## Activity
Each line of the data must be written out again verbatim; no image belongs in the copy.

Image-text web data
>>
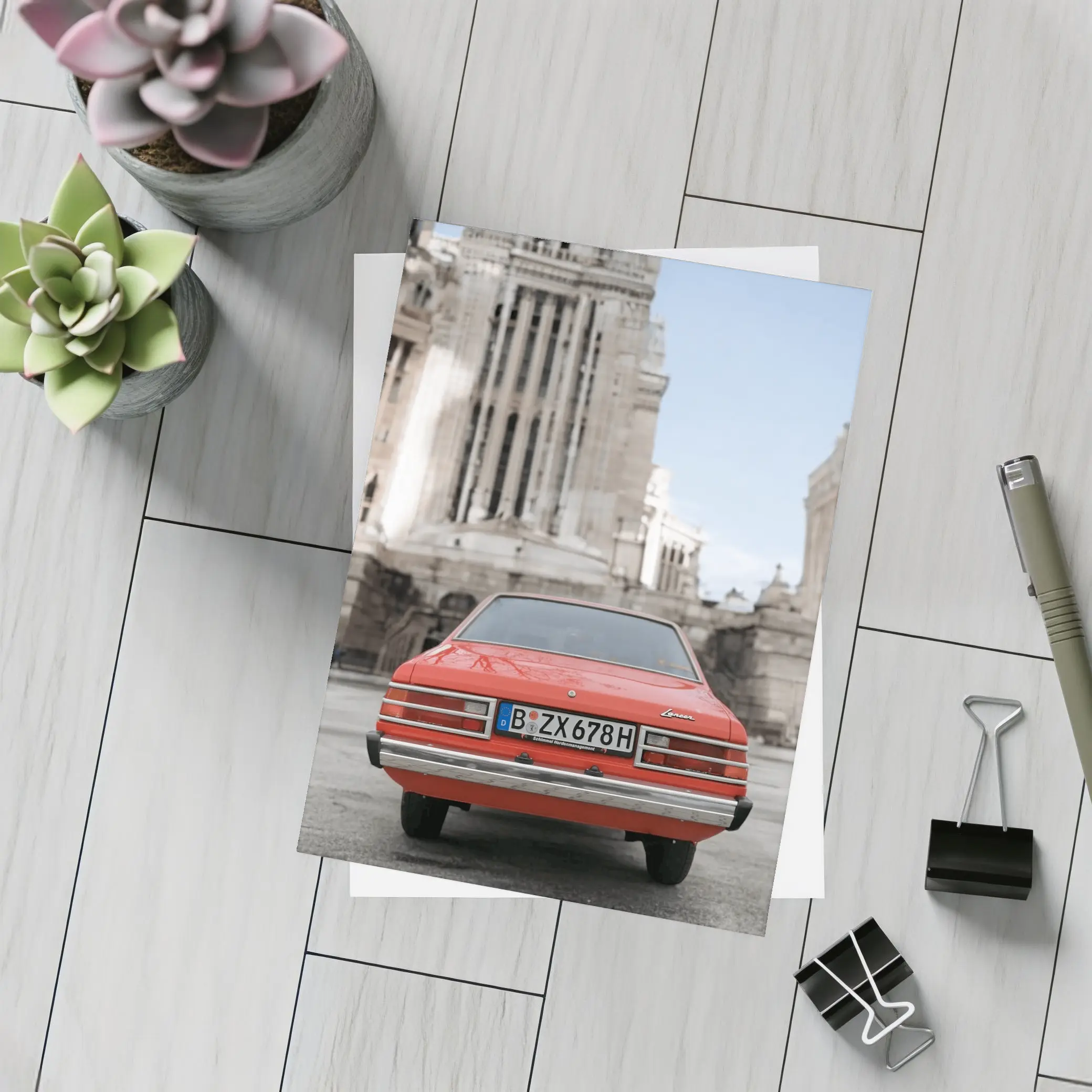 Mitsubishi Lancer Classic Red Old Town Street – Postcards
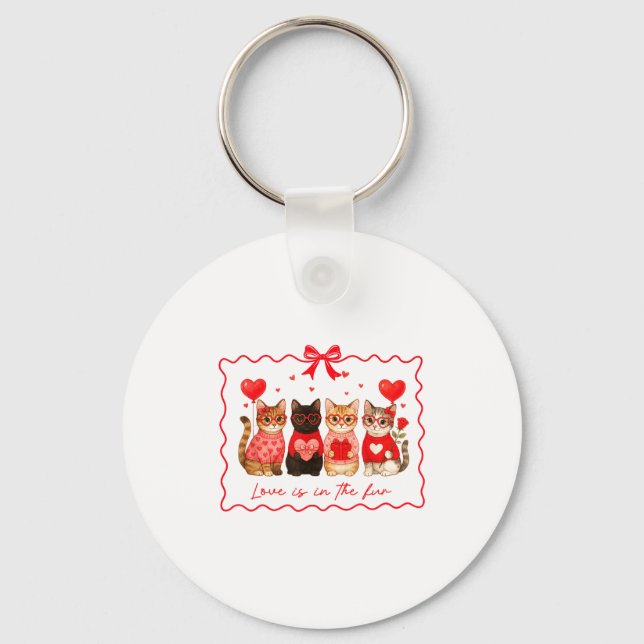 Love Is In The Fur Cat Lovers Valentines Cute Cats Keychain (Front)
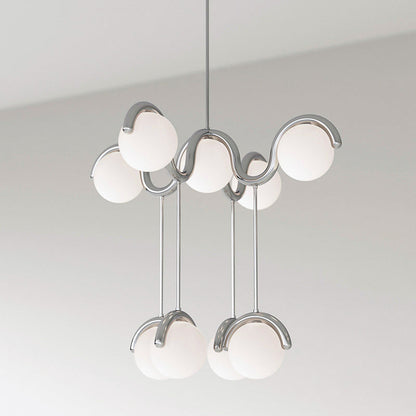 Moderne Kroonluchter met Messing en Glas – Artistieke Verlichting voor Eetkamer en Woonkamer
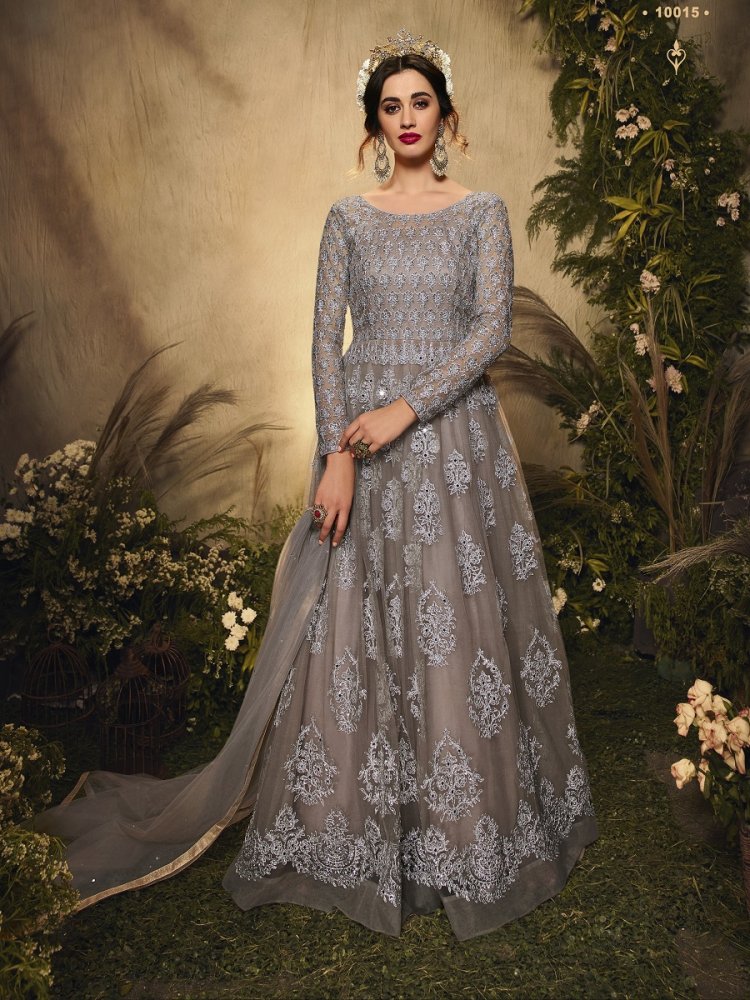 Gray Net Embroidered Party Festival Lawn Salwar Kameez
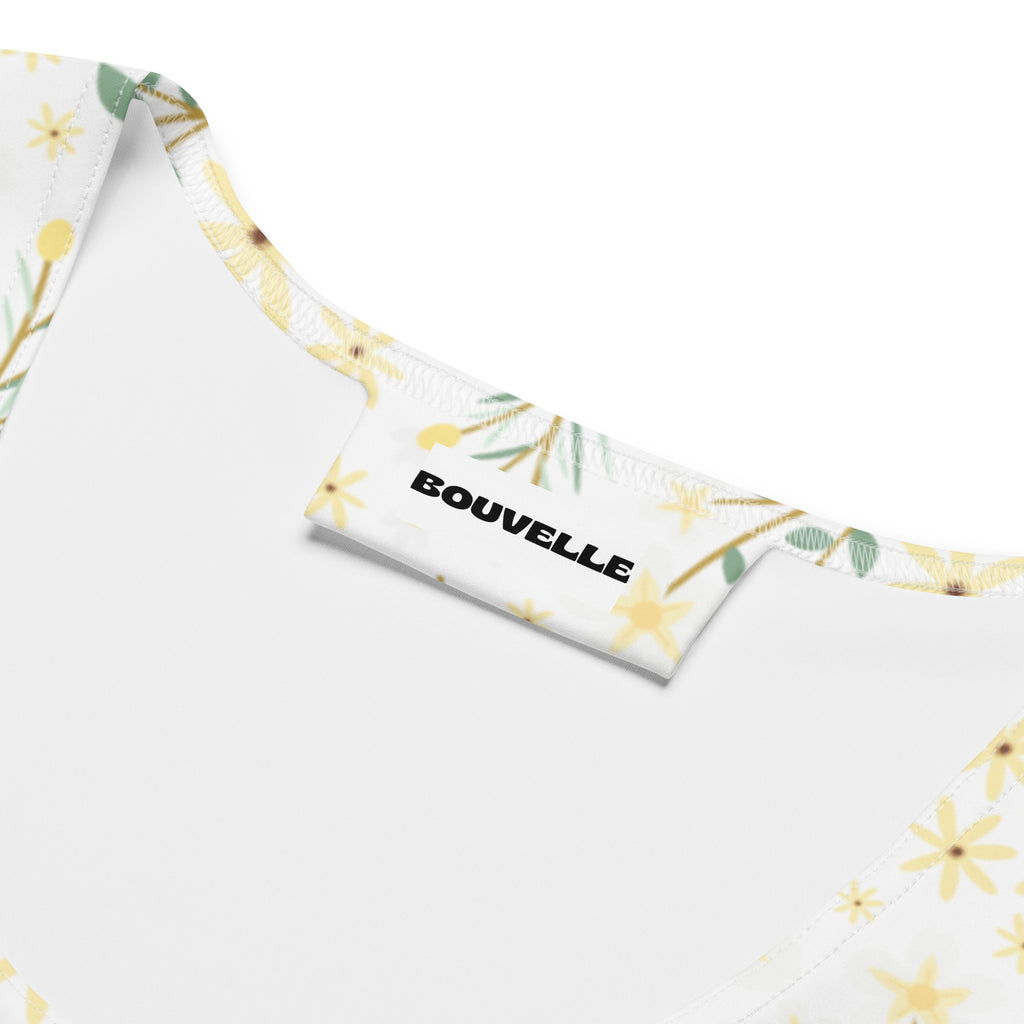 Women's Yellow Wildflower Buttery Soft Crop Top- Quick-Drying UPF 50+ Stretch Top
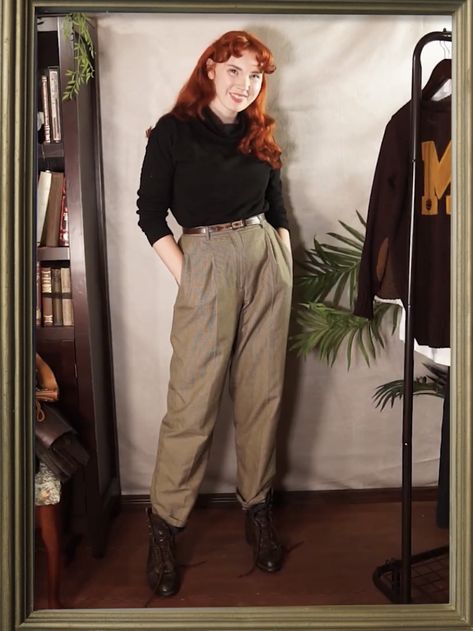 Seamstress Aesthetic Outfit, Outfit Ideas Masculine Girl, Witchy Cottagecore Aesthetic Outfits, Cottagecore Work Outfit, Historian Aesthetic Outfit, Vintage Work Outfit, Masculine Cottagecore Outfits, Adventurecore Aesthetic Outfit, Modern Cottagecore Outfit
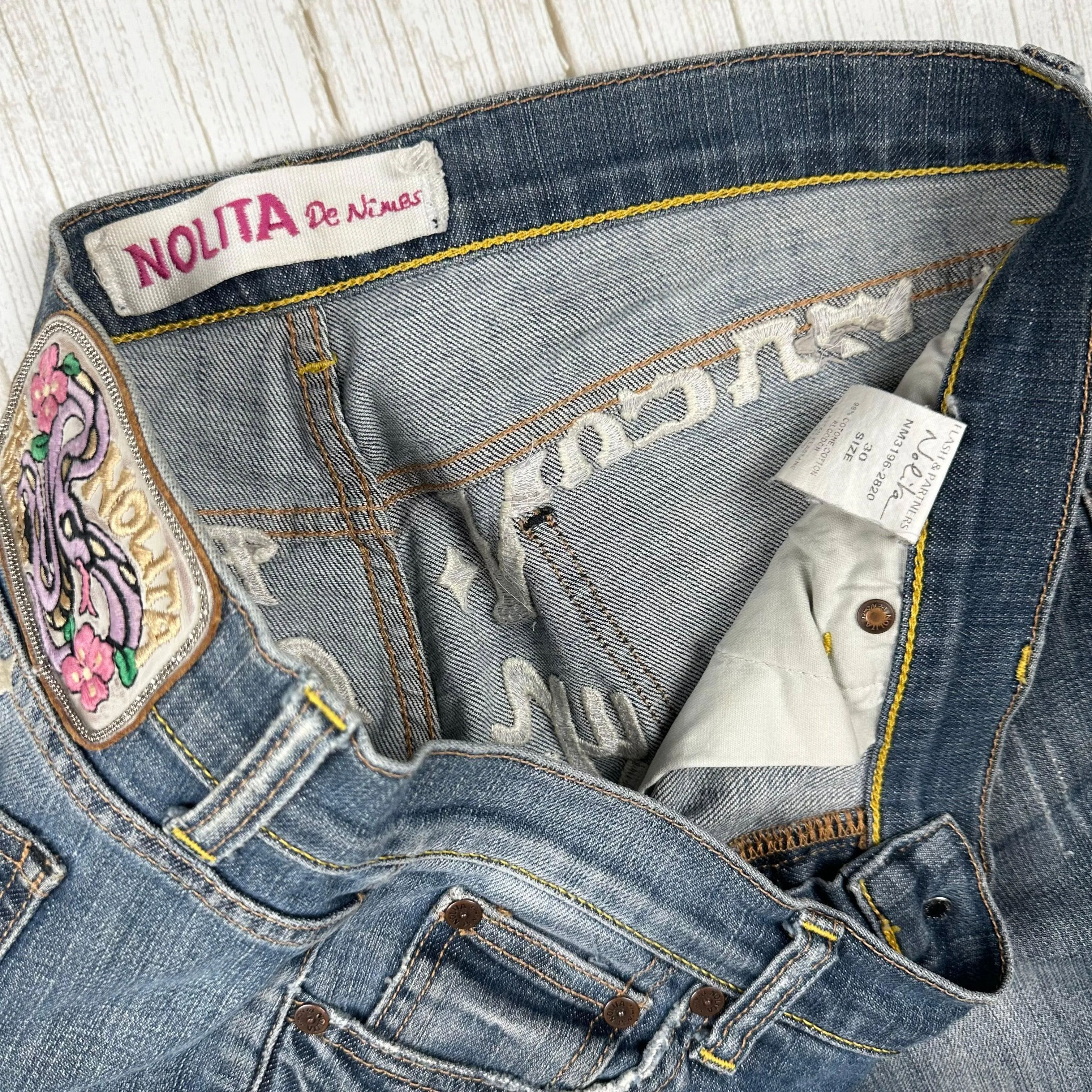 Nolita - Stunning Logo Seat Low Rise Jeans  -Size 30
<<
## Written answer
 Mitsubishi Lancer Classic Red Old Town Street – Postcards
 Love Is In The Fur Cat Lovers Valentines Cute Cats Keychain (Front)
 Moderne Kroonluchter met Messing en Glas – Artistieke Verlichting voor Eetkamer en Woonkamer
 Gray Net Embroidered Party Festival Lawn Salwar Kameez
 Women's Yellow Wildflower Buttery Soft Crop Top- Quick-Drying UPF 50+ Stretch Top
 Seamstress Aesthetic Outfit, Outfit Ideas Masculine Girl, Witchy Cottagecore Aesthetic Outfits, Cottagecore Work Outfit, Historian Aesthetic Outfit, Vintage Work Outfit, Masculine Cottagecore Outfits, Adventurecore Aesthetic Outfit, Modern Cottagecore Outfit
 Nolita - Stunning Logo Seat Low Rise Jeans  -Size 30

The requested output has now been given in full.